Wednesday, May 20, 2009

Meet Zambian Folk Author Vukani Nyirenda

Katie: I’d like to welcome Zambian author Vukani Nyirenda to my blog today. Vukani is a writer who specializes in Zambian folktales, and has written a folktale called, “Kalulu the Hare Outwitted,” based on a Zambian children’s folklore.

Vukani has received a Doctor of Social Welfare degree from UCLA, and has worked in his home country of Zambia as a university lecturer, administrator and civil servant. He is a member of SCBWI, and his stories have appeared in various magazines.

Katie: Can you give us a brief synopsis of your story, “Kalulu the Hare Outwitted?”

Vukani: Kalulu the Hare Outwitted is a Zambian children’s folktale. In the story, a drought threatens the lives of all creatures and every animal except Kalulu the Hare pitches in to help dig a pond. The other animals must find a way to prevent Kalulu from accessing the water but fail until Fulu the tortoise, outsmarts him. As the senga say: Uchenjele ujimete? Meaning, “You may be smart, but can you give yourself a hair cut?”

Katie: You are a very family oriented person. How has family inspired you to writing for children?

Vukani: I love children in general and my grandchildren in particular. That’s why I write for children. I listen to children’s talk with my “third ear” and thus hear more than what they say. For example, I have written a story titled “Who Am I?” (published in the December, 2006 issue of Fandangle Magazine and the September-October issue of Stepping Stones Magazine) based on my listening to my grandchildren struggle with the issue of identity for American children born of multicultural marriages between Americans and non-Americans.

Katie: You are obviously a very learned individual. Have you found that your formal education has helped you pen folktales for kids? Why or why not?

Vukani: Formal education helped me get a deeper understanding of my audience but in order to write for children, I had to learn the craft by taking writing courses offered by Long Ridge Writers Group and the Institute of Children’s Literature. I was a published academic but that wasn’t much help; writing for children is an entirely different field.

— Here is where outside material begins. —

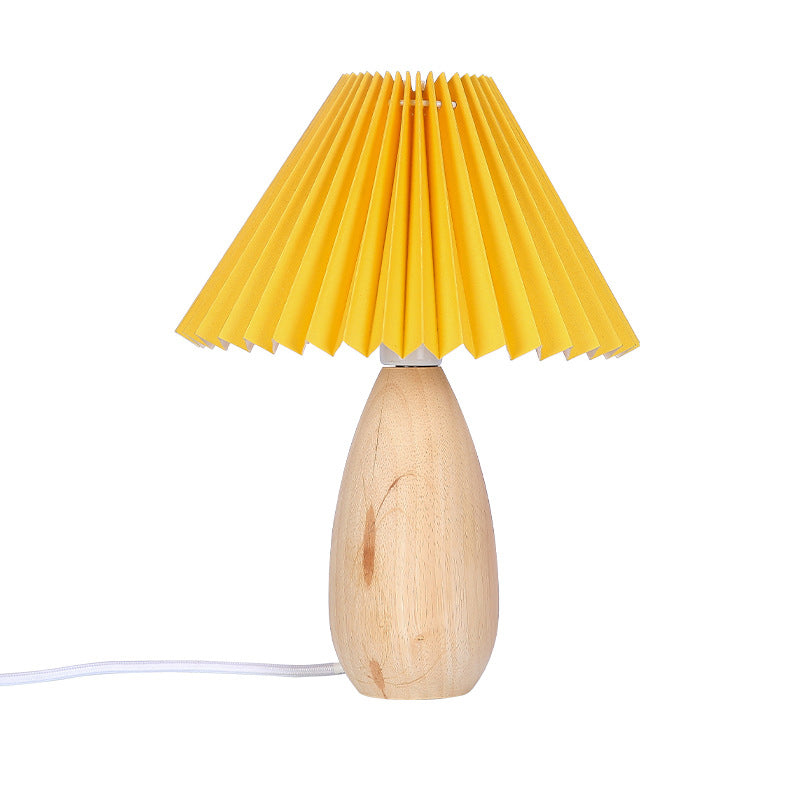 Zeitgenössische Retro Plissee Stoff Massivholz Basis 1-Licht Tischlampe für Schlafzimmer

Katie: You have chosen to publish this picture book in e-format. Why did you choose that format, and would you publish that way in the future? Why or Why not?

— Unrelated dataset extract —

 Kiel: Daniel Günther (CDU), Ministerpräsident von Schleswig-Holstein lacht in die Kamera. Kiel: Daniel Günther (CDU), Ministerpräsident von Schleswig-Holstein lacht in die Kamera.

Vukani: The goal of my writing is to share my cultural experiences with children of the world. This being the case, I thought publishing in e-format was the best way to reach a wider audience. Plus indications are that e-publishing will become a major player in the book publishing industry.

Katie: Have you had to do much research on your native folktales, or are they ones you learned while growing up?

Vukani: What I learned while growing up is the background, the stepping stone to my my writing. But to write for the current generation I have to do a lot of research in order to make the stories relevant to my audience.

Katie: How long does it take you from story conception to publication?

Vukani: I have no set time. Some stories have their own momentum and dictate the pace of every step in the process. Others require more research and therefore more time. And then there is the time the editors take to respond. So I play it by the ear. But most important, I make a timeline for those parts of the process I have control over and follow it strictly.

Katie: Do you have other folktale stories that you want to write? Do you know how many?

Vukani: Yes, many. Offhand, I have eight to ten story ideas pending in my story ideas folder. The number keeps growing because as I work on one story other story ideas grow from the material I am working with.

Katie: What sort of biases do you come across as an African author? How do you overcome those?

Vukani: So far I haven’t encountered any overt biases but there is no denying some biases do exist. But that doesn’t bother me. I am in this field to compete and I have proved myself, earned my place, by getting published: one story picture book and four stories in children’s magazines and as anthology (using the ESL facility!). What I have encountered is what you might call professional bias, for lack of a better term, whereby some people don’t regard African folktales as REAL stories because they are either “preachy” or are “lineal”. However, there are many editors and publishers hungry for multicultural stories.

Katie: What would your three pieces of advice be to those who may wish to write folktales?

Vukani: 1) Love children; 2) Understand the people’s culture because folktales are the vehicles for transmitting and sustaining the culture; and 3) study the works of other folktale writers.

Katie: Thanks, Vukani, for being my guest on my blog today. You can read order from his publisher and he can be contacted at


General de 15mm said...

One of the challenges of real multiculturalism is that we need to be open to the "old" that we suppose to know. Perhaps, just perhaps, I'm just guessing, Vukani is having to struggle with professionals who can only see what African stories share with traditional European stories but cannot see what's unique...

castelane said...

I love folk tales of all kinds. Thanks for the great interview. I'm going to look this one up.